Whatever you do, don’t ask John Bercow to open it for you, unless you want a large bill, that is. He has been rather caught out this week, like a Treen in a disabled spaceship. A freedom of information request revealed that he had spent £170-odd on being chauffered to a conference less than a mile from the houses of parliament, and £346 or thereabouts for being driven to attend a conference at the University of Bedford on the subject of how parliament was much more responsible in terms of spending these days! You literally could not make it up. And people wonder why the electorate is so disconnected from politics, and why people think that all politicians are lying, self serving corrupt bastards. See also under Lord Sewel above.

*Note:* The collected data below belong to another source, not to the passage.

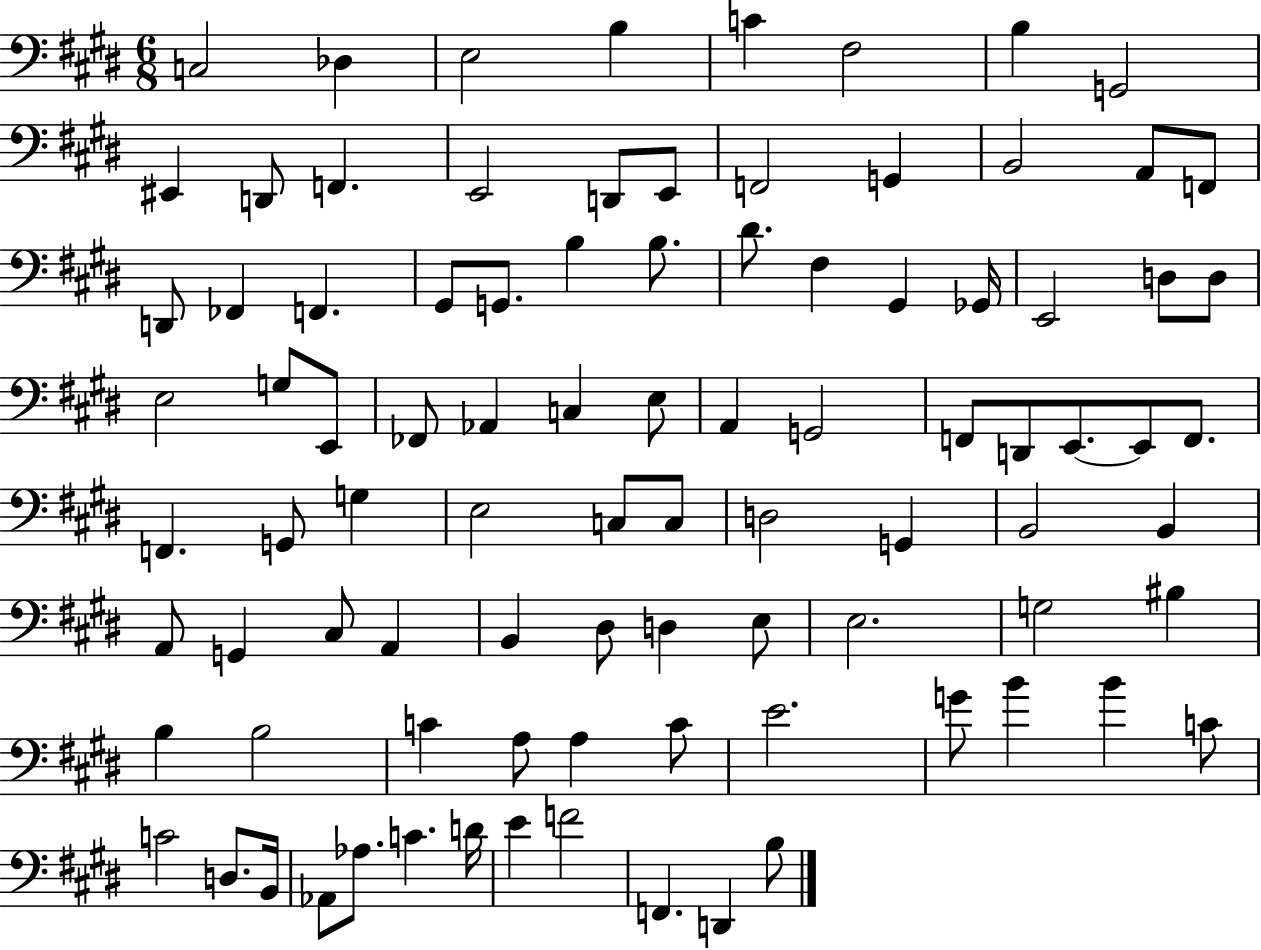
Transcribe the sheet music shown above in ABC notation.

X:1
T:Untitled
M:6/8
L:1/4
K:E
C,2 _D, E,2 B, C ^F,2 B, G,,2 ^E,, D,,/2 F,, E,,2 D,,/2 E,,/2 F,,2 G,, B,,2 A,,/2 F,,/2 D,,/2 _F,, F,, ^G,,/2 G,,/2 B, B,/2 ^D/2 ^F, ^G,, _G,,/4 E,,2 D,/2 D,/2 E,2 G,/2 E,,/2 _F,,/2 _A,, C, E,/2 A,, G,,2 F,,/2 D,,/2 E,,/2 E,,/2 F,,/2 F,, G,,/2 G, E,2 C,/2 C,/2 D,2 G,, B,,2 B,, A,,/2 G,, ^C,/2 A,, B,, ^D,/2 D, E,/2 E,2 G,2 ^B, B, B,2 C A,/2 A, C/2 E2 G/2 B B C/2 C2 D,/2 B,,/4 _A,,/2 _A,/2 C D/4 E F2 F,, D,, B,/2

Anyway, we stumbled through to today, the eighth Sunday after Trinity.  The gospel for today (Matthew 7: 15-21) is suitably apposite, in view of events in Westminster:

Beware of false prophets, which come to you in sheep’s clothing, but inwardly they are ravening wolves.  Ye shall know them by their fruits. Do men gather grapes of thorns, or figs of thistles? Even so every good tree bringeth forth good fruit; but a corrupt tree bringeth forth evil fruit. A good tree cannot bring forth evil fruit, neither can a corrupt tree bring forth good fruit. Every tree that bringeth not forth good fruit is hewn down, and cast into the fire. Wherefore by their fruits ye shall know them.  Not every one that saith unto me, Lord, Lord, shall enter into the kingdom of heaven; but he that doeth the will of my Father which is in heaven.

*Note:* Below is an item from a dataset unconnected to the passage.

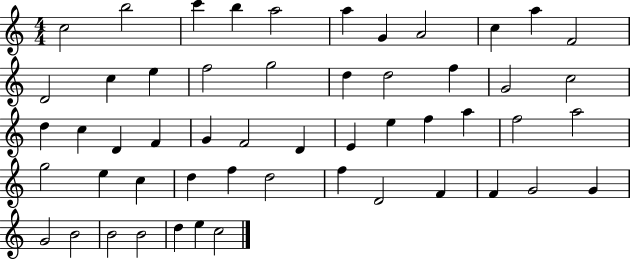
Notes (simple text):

C5/h B5/h C6/q B5/q A5/h A5/q G4/q A4/h C5/q A5/q F4/h D4/h C5/q E5/q F5/h G5/h D5/q D5/h F5/q G4/h C5/h D5/q C5/q D4/q F4/q G4/q F4/h D4/q E4/q E5/q F5/q A5/q F5/h A5/h G5/h E5/q C5/q D5/q F5/q D5/h F5/q D4/h F4/q F4/q G4/h G4/q G4/h B4/h B4/h B4/h D5/q E5/q C5/h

But what to do, eh?  Every tree that bringeth not good fruit is hewn down and cast into the fire, but who is going to do the hewing, and how does that square with “vengeance is mine, saith the Lord, I will repay”. Although in recent months, the Church of England has seemed more like the official opposition than the Labour Party, nevertheless, the official church position is, I guess, like the Buddhists, to “let it go with both hands” and take solace in the fact that the next world/next incarnation will be better, and that everything that happens, happens for a reason, even a gang of criminal morons intent on wrecking the economy and making war on the poor.  Blimey, Jesus, you’ll be asking me to forgive them next!  Anyway, it’s something for me to ponder on while I’m watching the cormorants dry their wings and looking out for a pod of porpoise or a basking shark in Kilbrannan Sound.

Actually, I should be making sure I don’t fall out with Jesus at the moment – or more importantly, with St Gertrude of Nivelles, who has the brief for cats in the pantheon of Saints.  So, St Gertrude of Nivelles, if you are listening, look after Matilda while we’re away and keep her safe.  We’re off on one of our jaunts – and, as a first for me, I’ll be taking the last Arran book with me to finish it and restore the missing pages I accidentally burnt, at the same time as I might be working on the next one. Haven’t these people suffered enough?

Come the morning, we’ll be gone – not exactly like a bat out of hell, not in that camper anyway – but more like Vashti Bunyan’s caravan – Jog along, Bess, Hop along May: It’s a long road and weary are we. Bubble up kettle, and make us all some tea.  Every journey has a return, and I hope to see you all again in two or three weeks, if we’re all spared.